What is expected: Any pictures in the records below must be left out when you repeat the lines from the line containing "Schwarzer Lederstiefel mit" through the line containing "Może przedstawiać: Srebrna" exactly.

Listed records:
━━━━
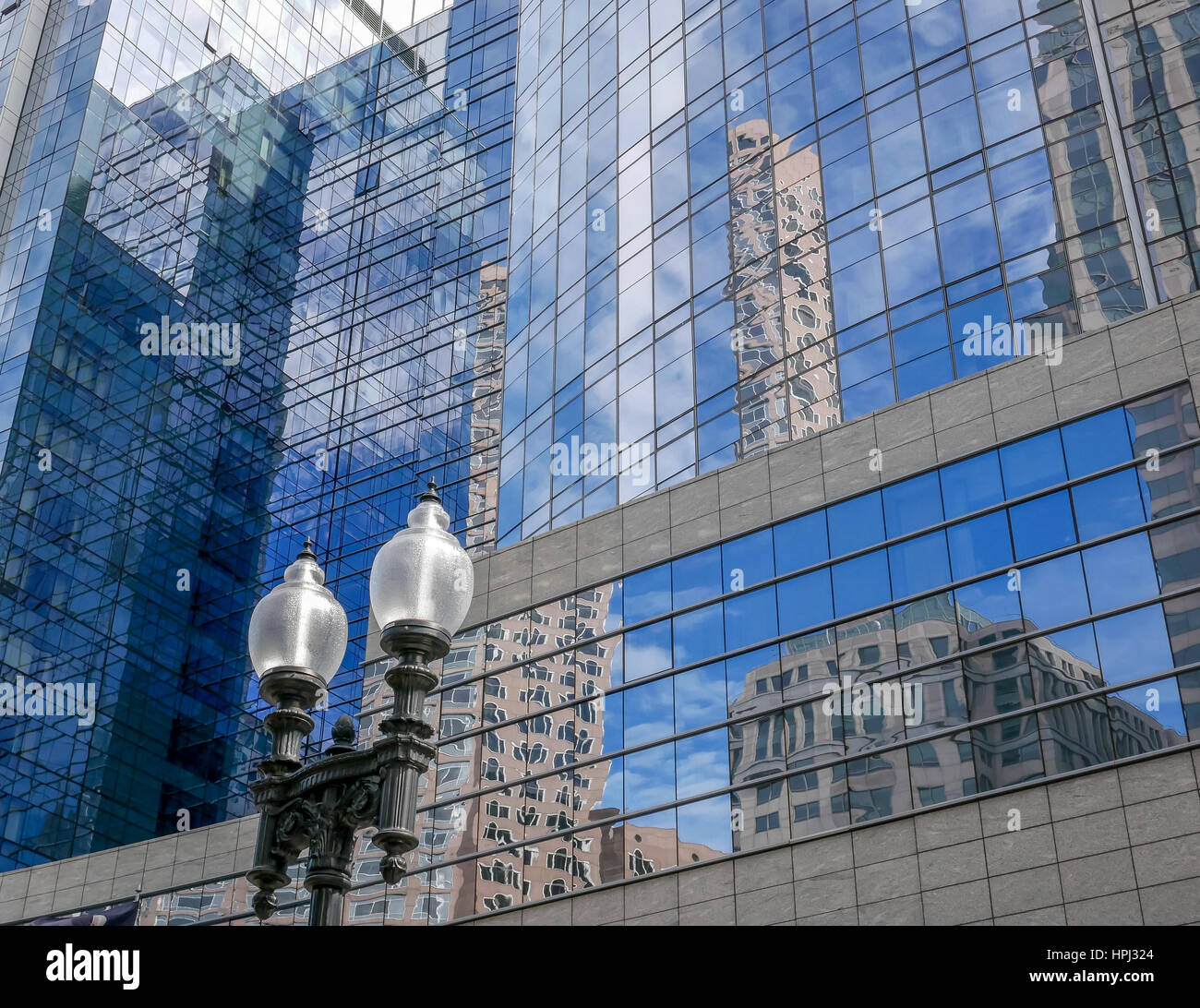 Looking skyward to Boston skyscrapers and blue sky reflected in glass facade of modern office building with old fashioned lamp post in foreground Stock Photo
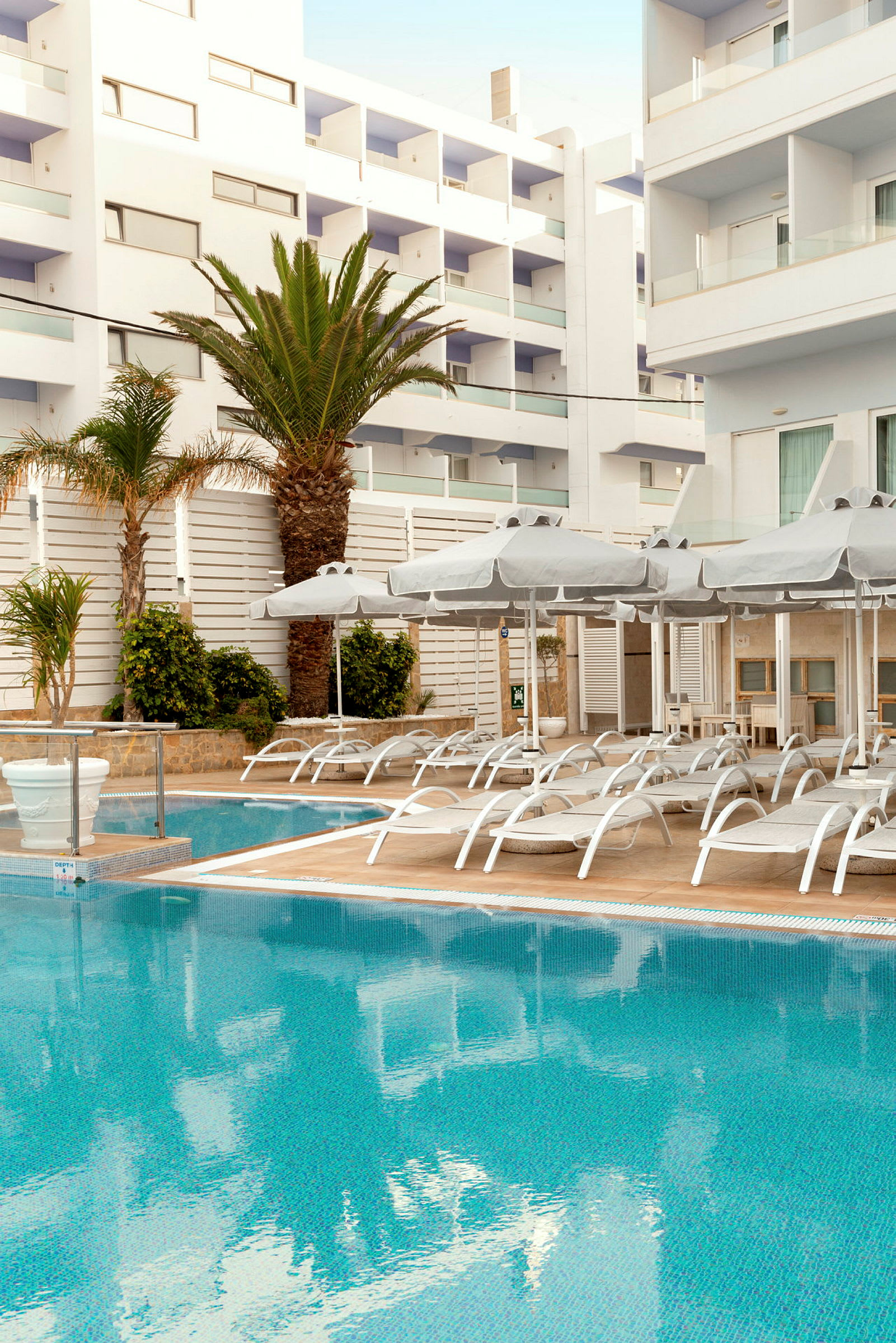 Uteplats med pool, solstolar och parasoller vid ett hotell. (AI-genererad text)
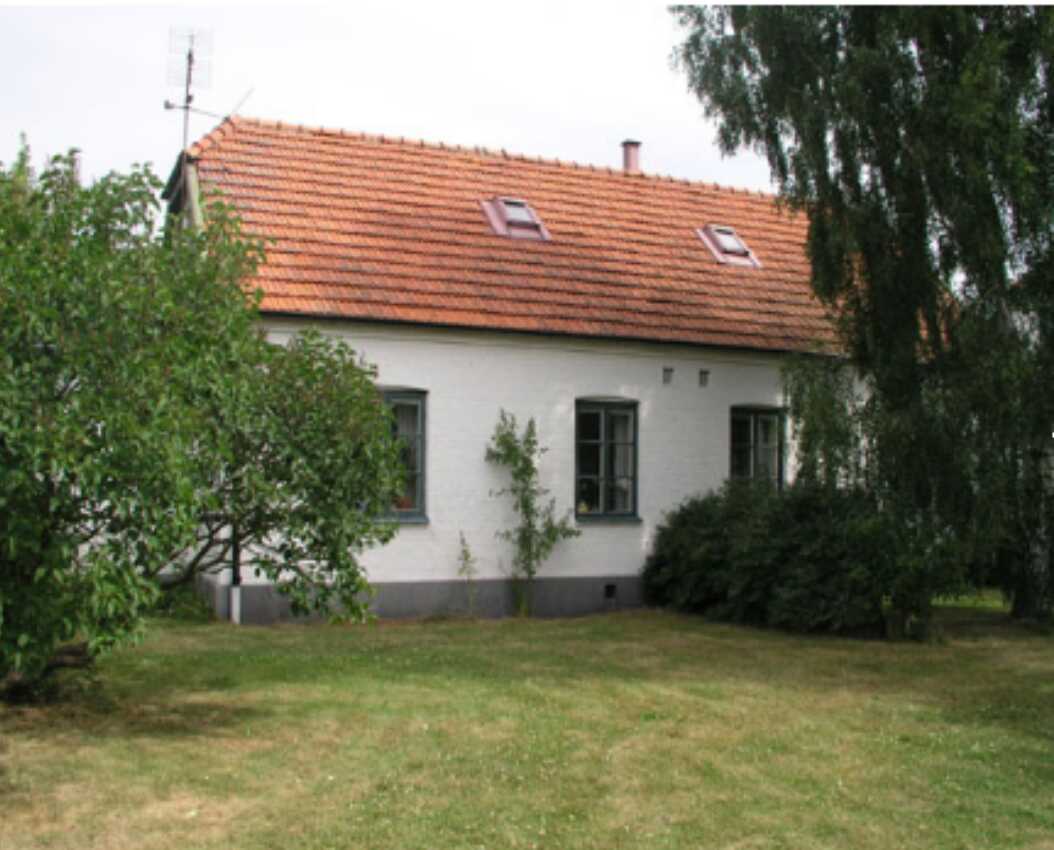 En vitputsad villa med brunt tegeltak och grönskande trädgård, omgiven av träd och gräsmatta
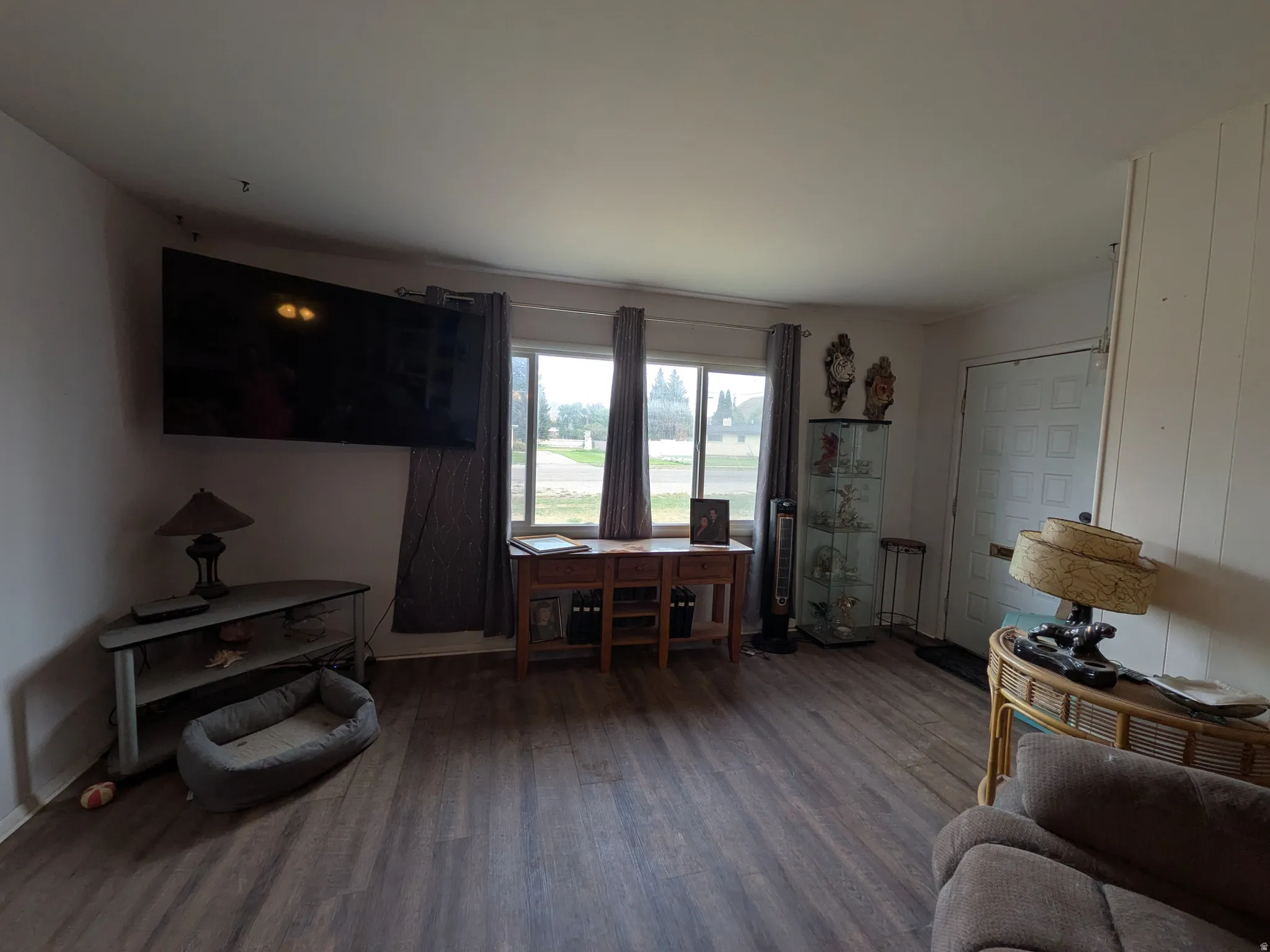 Wood-finish flooring, multiple windows with drapes, and a paneled entry door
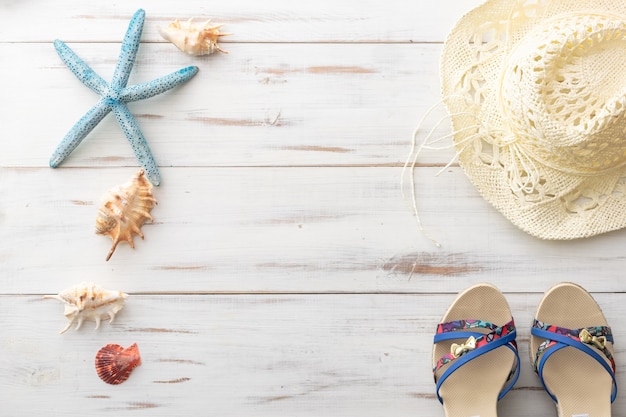 Zdjęcie letnia koncepcja tła kobiece sandały, rozgwiazdy, muszle, słomkowy kapelusz na jasnej drewnianej powierzchni
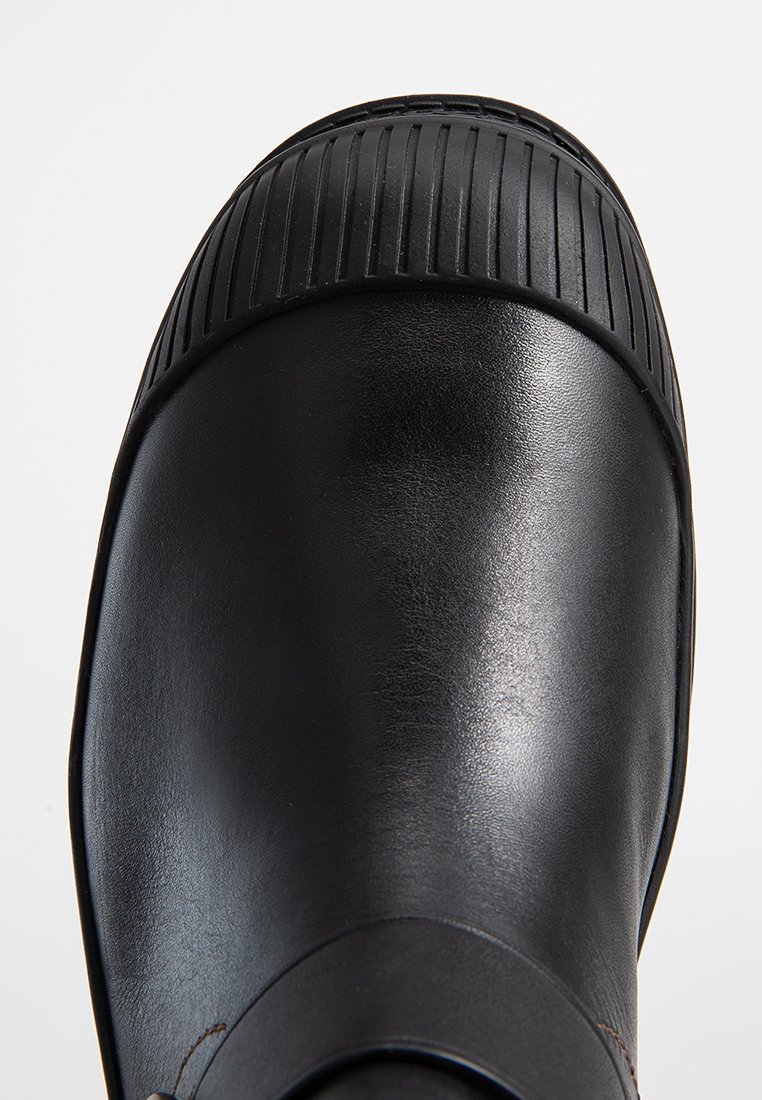 Schwarzer Lederstiefel mit glatter Oberfläche, ausgestattet mit einer gerippten Gummikappe und abgerundeter Form, die Haltbarkeit und Schutz hervorhebt.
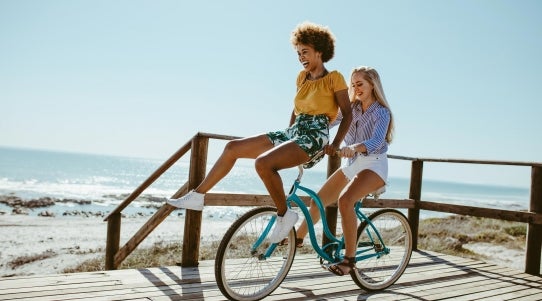 two girls riding bike near ocean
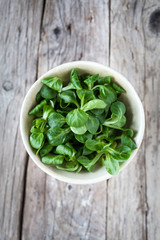 Insalata Valeriana in una coppa su un tavolo di legno chiaro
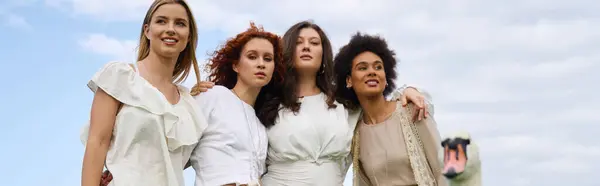 Four fashionable women express confidence while enjoying a sunny spring day in the park. — Stock Photo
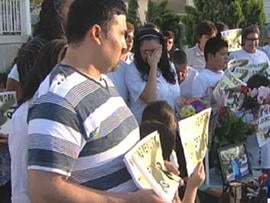 Family and friends of Ricardo Portillo hold vigil for him on front lawn of his Utah home on May 5, 2013 after soccer ref in rec league died from injuries suffered when he was punched in head by angry teen goalie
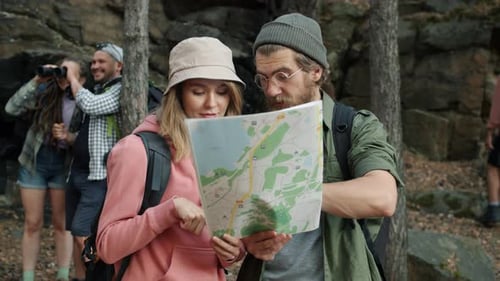 Group of Friends Hiking Together Looking at Map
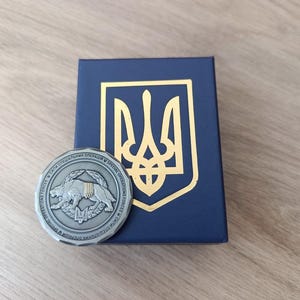 Może przedstawiać: Srebrna moneta z wizerunkiem lwa i tekstem cyrylicą, obok granatowego pudełka ze złotym emblematem. Całość umieszczona na jasnej drewnianej powierzchni.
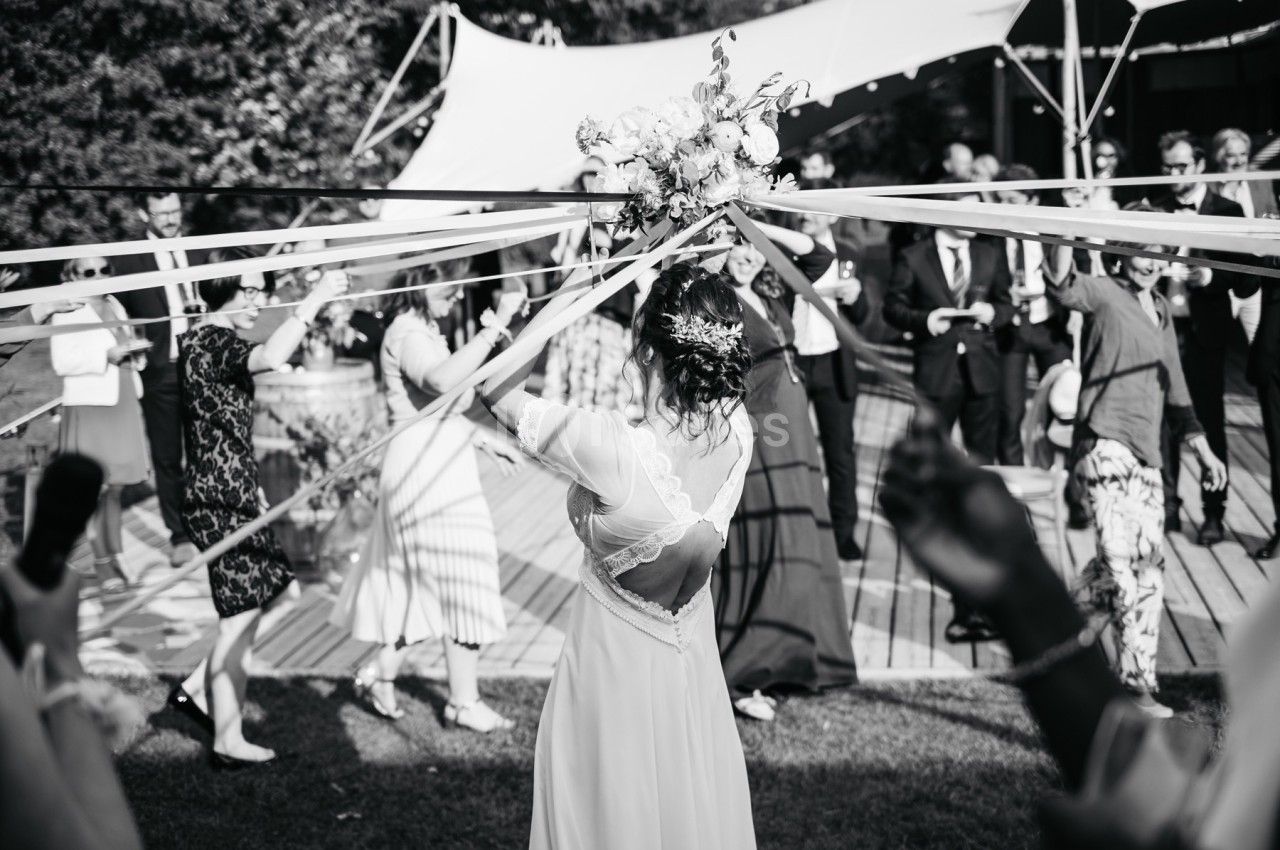 Une mariée danse en extérieur, entourée d'invités tenant des rubans, lors d'une célébration festive.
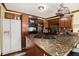 A kitchen showcasing a tile counter top and wooden cabinets at 1198 Old Mill Rd, Dallas, GA 30157
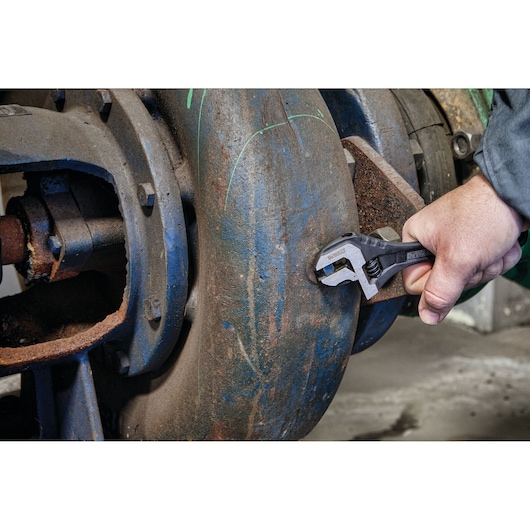 Hand using a DEWALT adjustable wrench to tighten a bolt on a large, industrial metal pipe.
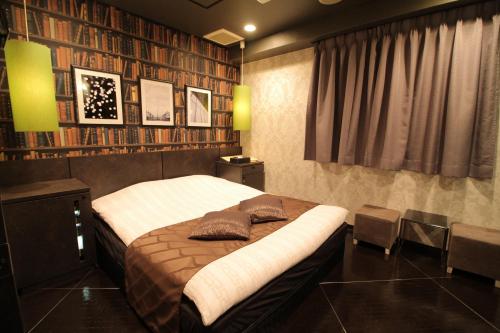 a bedroom with a large bed with two pillows on it at Hotel K Omiya (Adult Only) in Saitama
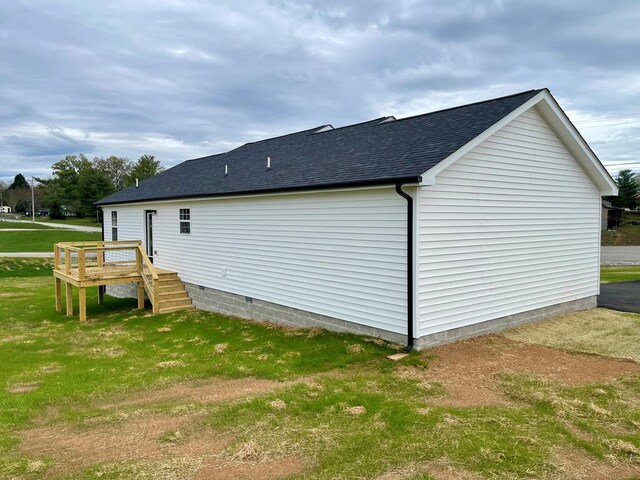 view of side of home with a yard and roof with shingles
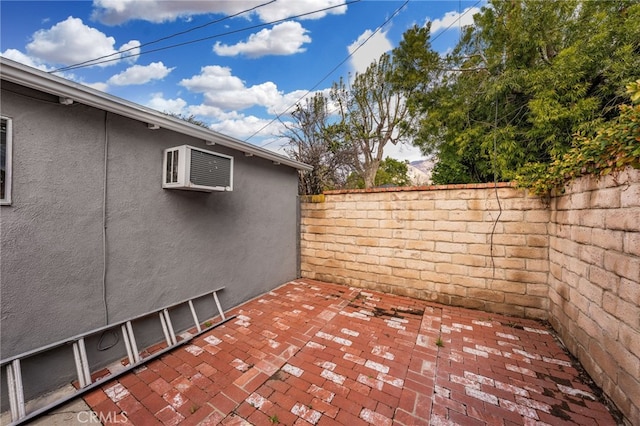 1492 Coolidge Ave, Pasadena, CA 91104 - view of patio with an AC wall unit and fence private yard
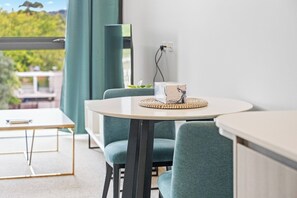 A modern room with a round table, teal chairs, and a view of greenery outside. - Spacious 1BR Apartment | Walk to Tram | Parking (Dickson)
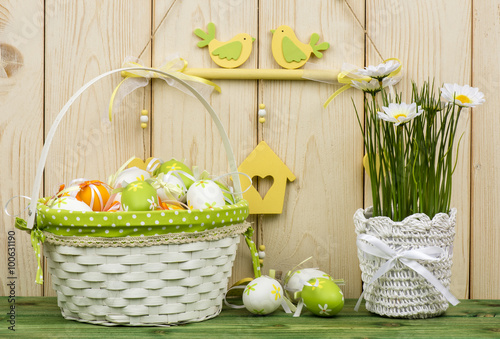 Easter decorations - flowers and basket with eggs on the wooden background.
━━━━
Answer for the task:
 Schwarzer Lederstiefel mit glatter Oberfläche, ausgestattet mit einer gerippten Gummikappe und abgerundeter Form, die Haltbarkeit und Schutz hervorhebt.
 two girls riding bike near ocean
 Insalata Valeriana in una coppa su un tavolo di legno chiaro
 Four fashionable women express confidence while enjoying a sunny spring day in the park. — Stock Photo
 Family and friends of Ricardo Portillo hold vigil for him on front lawn of his Utah home on May 5, 2013 after soccer ref in rec league died from injuries suffered when he was punched in head by angry teen goalie
 Group of Friends Hiking Together Looking at Map
 Może przedstawiać: Srebrna moneta z wizerunkiem lwa i tekstem cyrylicą, obok granatowego pudełka ze złotym emblematem. Całość umieszczona na jasnej drewnianej powierzchni.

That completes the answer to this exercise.